One thing I like aboiut gardneing even more than science: gardening is real-world, which means "complicated". Science has to simplify everything as much as possible, trying to make things SO simple that they can be analysed and repeatable.

Sometimes that is like looking for a lost contact lens under the streetlamp instead of where you lost it "because the light is better over there". But "real scientists" are modest and humble, and relakze that they are struggling to understand wonderfully complex (Mother Nature) with tools that are simple. Only arrogant short-sighted button-counters masquerading as scientists think they know it all, or even know enoguh to make doctrinaire statements.

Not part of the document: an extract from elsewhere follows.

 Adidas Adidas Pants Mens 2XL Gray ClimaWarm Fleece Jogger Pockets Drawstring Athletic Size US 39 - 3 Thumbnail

Thats my opinion, anyway! When you don't know, you DON'T know.

Corey

Phoenix, AZ

Thanks for your help. I've noticed the smell going down on its own - as does happen after a while (its just particularly bad when there's an air inversion going on in my yard and the smell just stays). I DID pile lots of plants on top of the poop and then dirt on top of that, which did seem to help.

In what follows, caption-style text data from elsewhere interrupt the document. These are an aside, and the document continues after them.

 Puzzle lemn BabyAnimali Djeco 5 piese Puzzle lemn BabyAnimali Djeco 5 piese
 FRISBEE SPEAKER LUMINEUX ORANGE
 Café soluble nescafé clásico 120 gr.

The poop itself does come with lots of brown already - like the bedding (Yesterday's News is the bedding that's used ((its recycled paper that's formed into pellets)), in addition to hay). I actually get rid of lots of the sheets of newspaper because there's so much of it. Also, here in Phoenix, its so dry that when paper isn't more finely shredded in drys up too much so I can't use it to cover the pile. If not composted properly it will never break down. But I MIGHT be able to use a tarp, which would keep lots more moisure in anyway

I think pee just smells (yeah, I know, DUH). I tell you my roses LOVE it!

Savannah, GA

Mine got very rank awhile back. It smelled like a bum that never took a bath! I was afraid it was going to smell when it was time to break it up but it didn't.

Now it doesn't bother me when it smells because the pile cooks faster. As long as I can't smell it from far away it's Ok.